**WHAT THE TASK REQUIRES**
Reproduce word for word the line holding "Women's Ultra Cotton® T-Shirt Thumbnail" and all lines after it in the data, through the end, leaving out pictures.
(RECORDS SHOWN Opens)
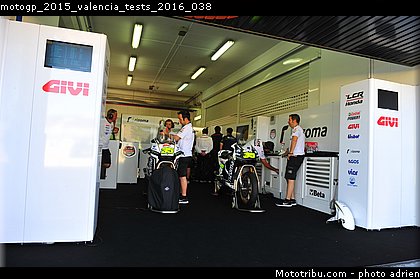 motogp_2015_valencia_tests_2016_038.jpg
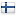 tariqpirzada.com server is located in Finland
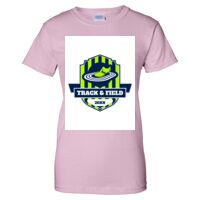 Women's Ultra Cotton® T-Shirt Thumbnail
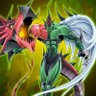 Mex’s Alt Acc's profile picture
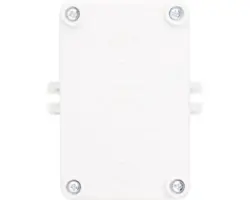 Banderdose ÖVE geprüft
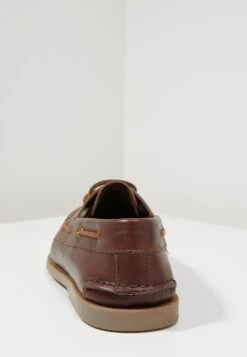 Pier One Scarpe Da Barca - Brown 9 Pier One Scarpe Da Barca - Brown -Noble rain 26795359e4fa45ba9e936172beb2a604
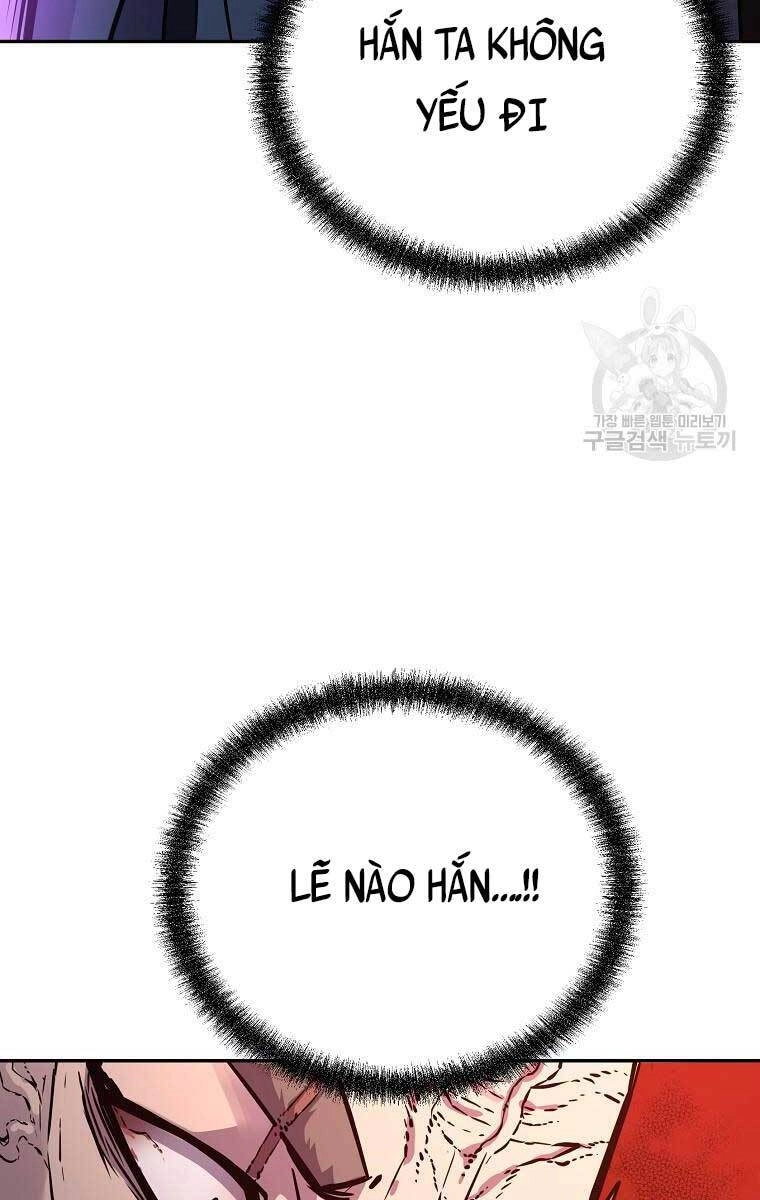 Sự Chuyển Sinh Vào Võ Lâm Thế Gia Của Ranker Chapter 78 - 71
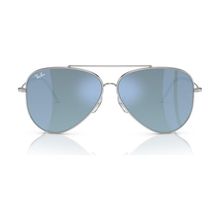 Ray-Ban 0101S 003/GA 59 Unisex Güneş Gözlüğü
(RECORDS SHOWN Closes)
**REPLY TO THE EXERCISE**
 Women's Ultra Cotton® T-Shirt Thumbnail
 Mex’s Alt Acc's profile picture
 Banderdose ÖVE geprüft
 Pier One Scarpe Da Barca - Brown 9 Pier One Scarpe Da Barca - Brown -Noble rain 26795359e4fa45ba9e936172beb2a604
 Sự Chuyển Sinh Vào Võ Lâm Thế Gia Của Ranker Chapter 78 - 71
 Ray-Ban 0101S 003/GA 59 Unisex Güneş Gözlüğü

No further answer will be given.